Not only does it provide pets and owners with an immediate and stress-free veterinary consultation, but it could also help address what appears to be a growing shortage of vets according to a survey conducted by the Lincoln Institute in 2019, which found practices had been struggling to fill vacancies for veterinarians.
One of the newest players in the telemedicine field is Greencross Vets who joins other providers like VetChat, Phone A Vet and Pawssum.
Greencross Vets is rolling out a nationwide telemedicine service for pets, WebVet, through which they will offer access to a network of 1000 veterinary professionals 24 hours a day, seven days a week.
Chief Executive Officer at Petbarn and Greencross Vets George Wahby, said this new initiative would be a much-needed support network for pet parents across Australia.
"By using technology to provide this essential service, we're able to safeguard our clients, patients and team members by minimising face-to-face interaction, whilst providing always-on support at the touch of a button which is useful not just in these current times but also when people may find it hard to get to a clinic," Mr Wahby said.
Greencross Vets' Chief Veterinary Officer Dr Magdoline Awad believes accessibility is key in providing effective support.
"Thanks to our national network of general practice veterinary clinics, referral hospitals and animal emergency centres we are able to provide round-the-clock 24/7 advice to Australia's pets and provide reassurance to pet owners when they need it most."

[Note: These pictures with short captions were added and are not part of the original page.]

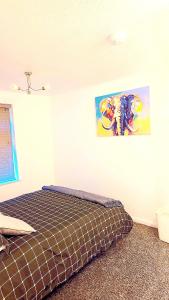 Fotografie z fotogalerie ubytování Peaceful, Cosy and Central Stay in Nottingham v destinaci Nottingham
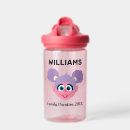 Search for abby cadabby water bottles Cookie monster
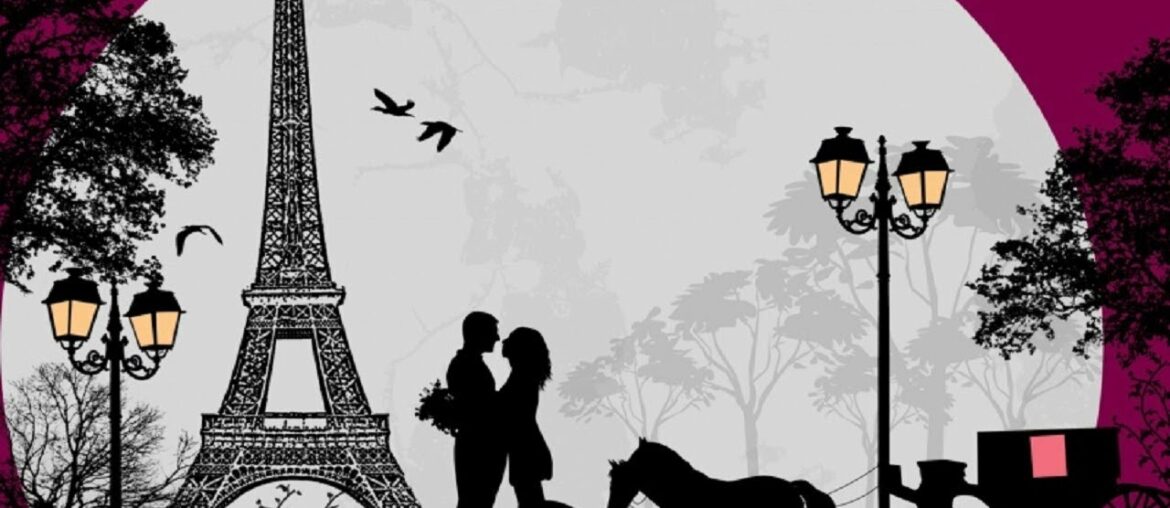 Best French Music for a Romantic Dinner (French Cafe Accordion Traditional Music)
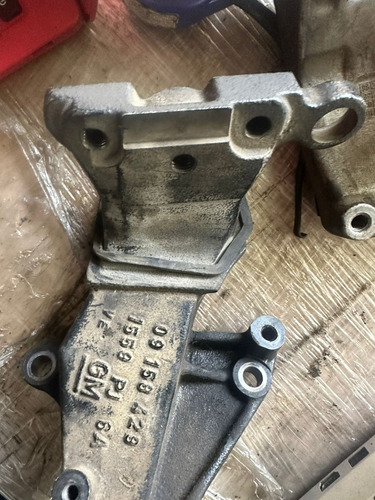 Base Soporte Motor Chevrolet Astra 00-06 Original (Usado)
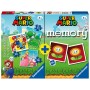 Jeux de cartes Ravensburger Super Mario Memory (Reconditionné A+)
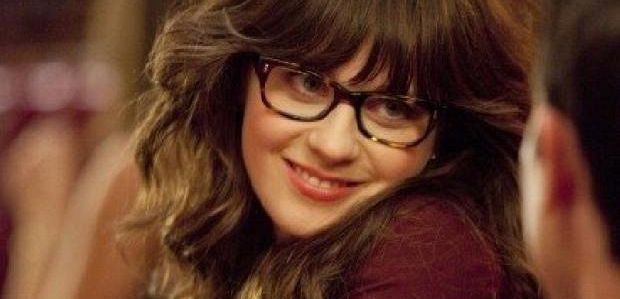 Zooey Deschanel o szansach na musicalowy odcinek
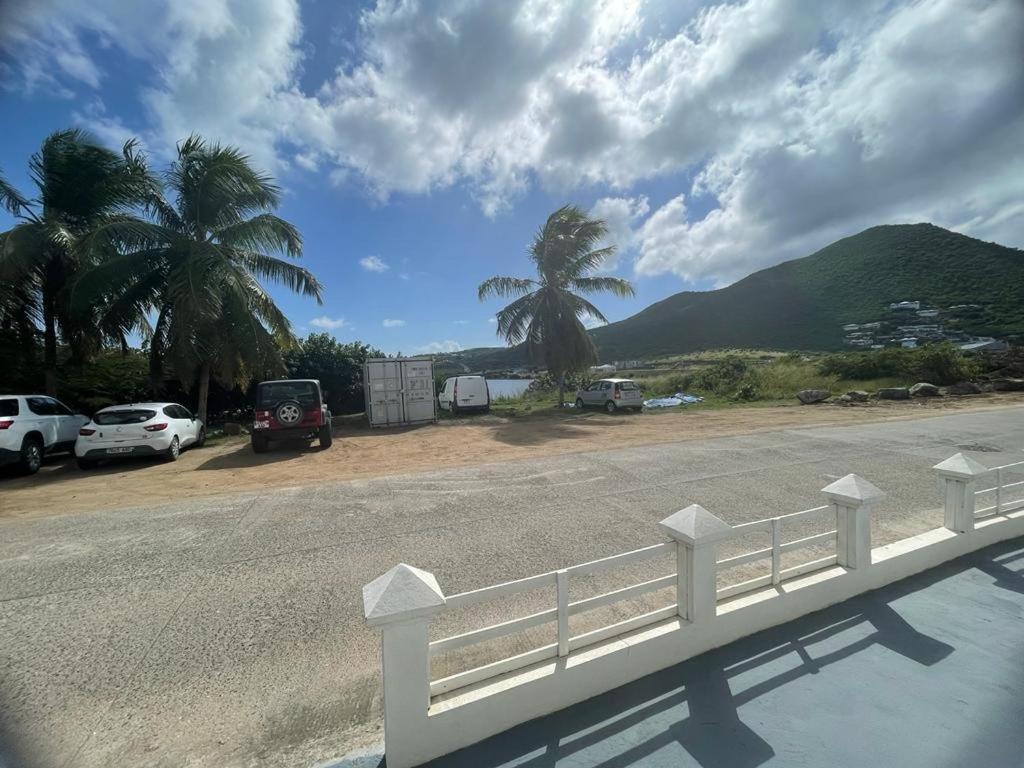 Petit Coin De Paradis A 5 Min Baie Orientale, Idolem Residence Unite 7Bis - 57 Rue Du Mont Vernon 1 Cul de Sac Kültér fotó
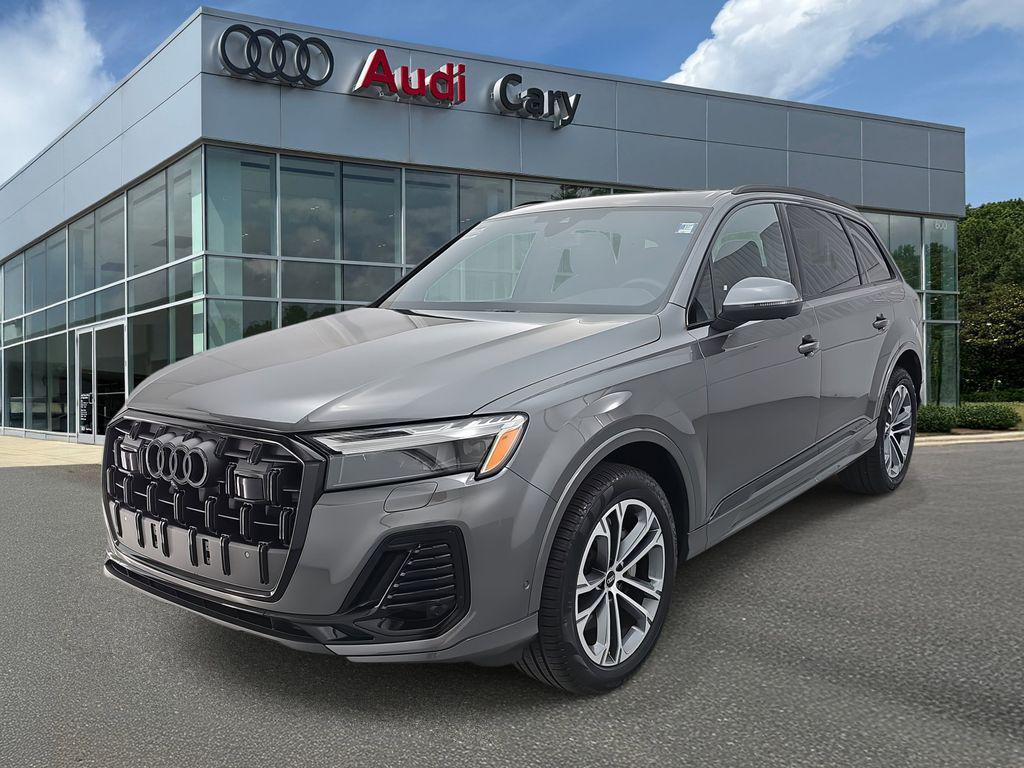 Audi Q7 2025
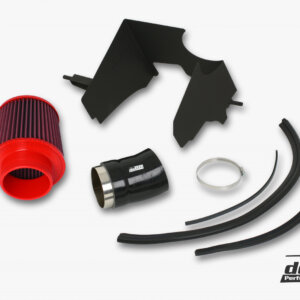 do88 usisni sustav s filtrom za SAAB 9-3 2.8T V6 06-11, crna crijeva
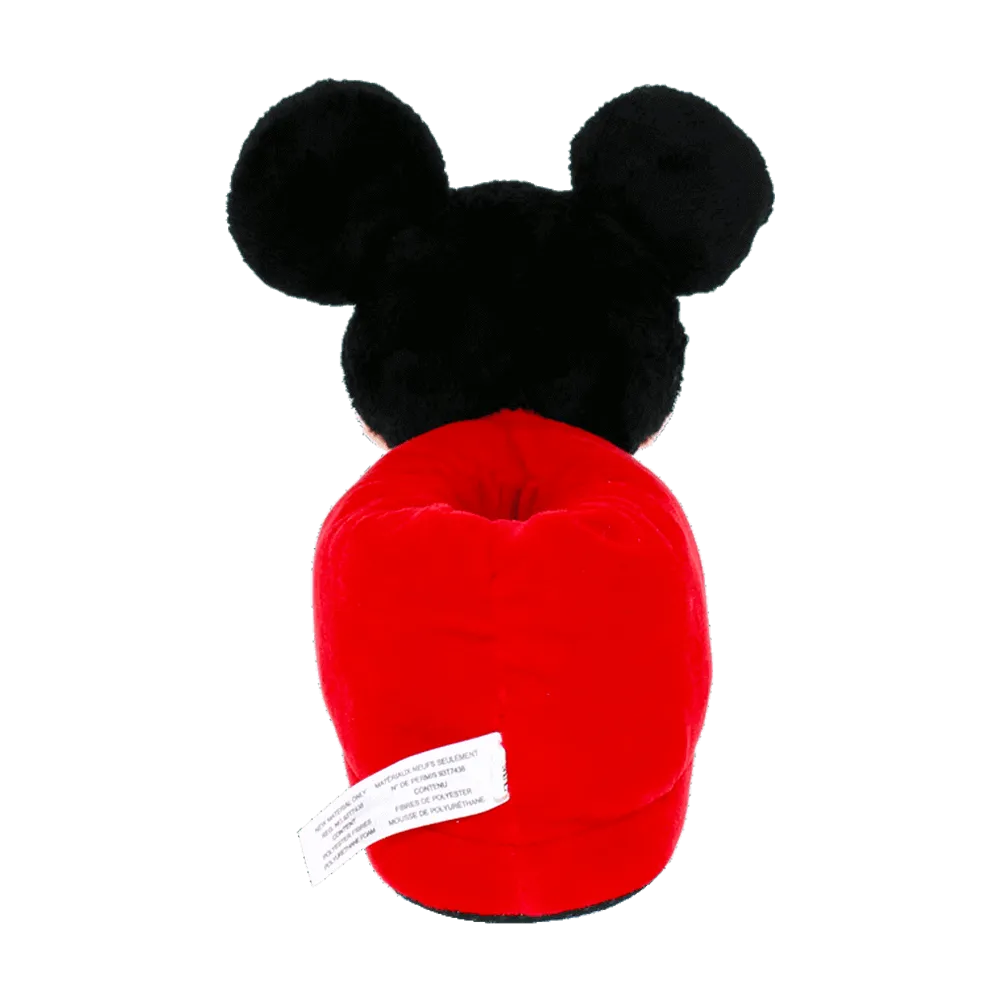 Mickey Mouse Emoji Flipemz Slippers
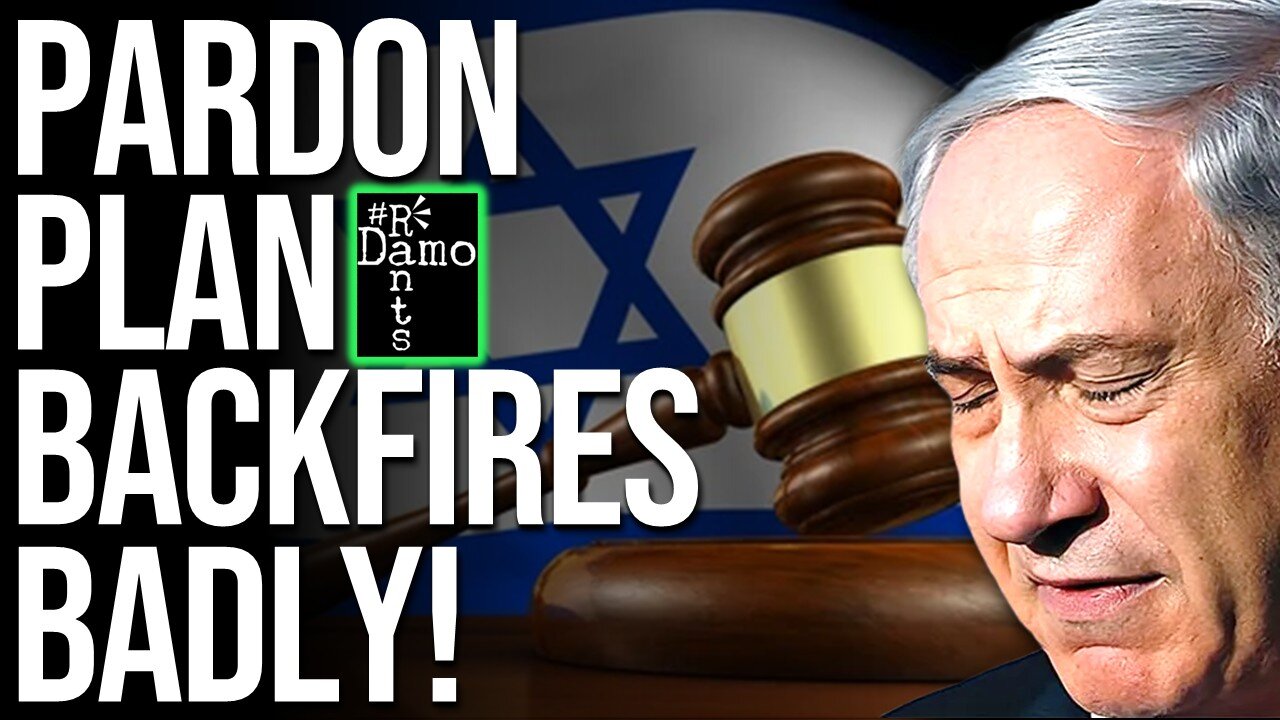 A Single Phone Call Just Blew Open Netanyahu’s Pardon Panic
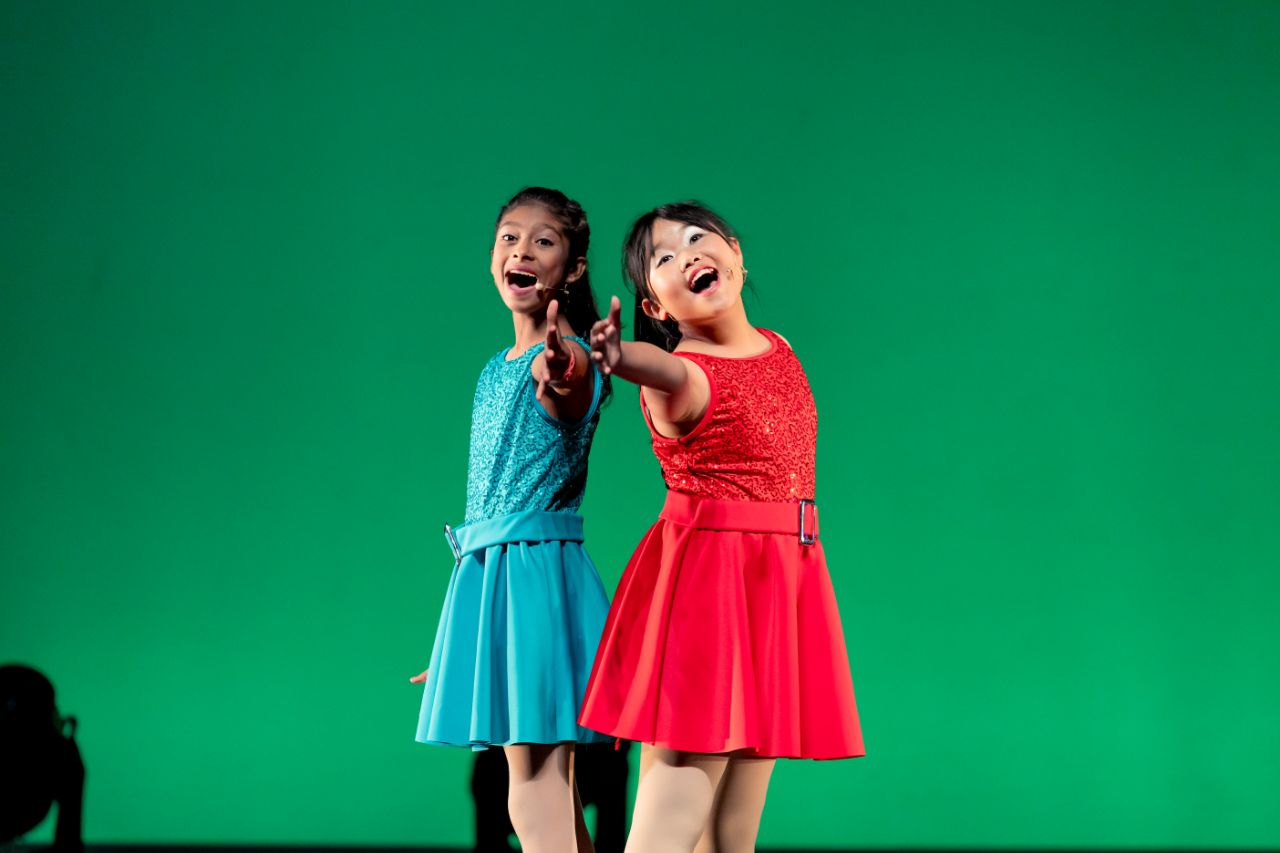 4 Musical Theatre Dance Classes (5 - 7 Years Old) at $48!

The Australian Veterinary Association recently ratified a telemedicine policy, perhaps reflecting the uptake and growth of the industry.
The policy states that "technology is rapidly transforming the practice of veterinary medicine, which provides the opportunity to improve the delivery of animal healthcare and welfare; however, it also presents challenges to practitioners, animal owners and carers."
It also reinforces and clarifies the accountability and legal responsibilities of vets participating in telemedicine, echoing those that already exist in a real world clinic situation including that a "bona fide veterinarian-client-patient relationship", a clearly defined professional relationship between a vet and an animal owner, should exist, except in the case of emergencies.
The guidelines do highlight several factors which could be viewed as significant limitations of the system.
The absence of this vet-client relationship combined with the inability to actually physically examine an animal "may", it says, increase the risk of what it terms "errors in clinical judgement".
Ultimately however it "encourages the development of technologies that benefit the health and welfare of animals ..."
- Some information in this article was supplied by Greencross Vets.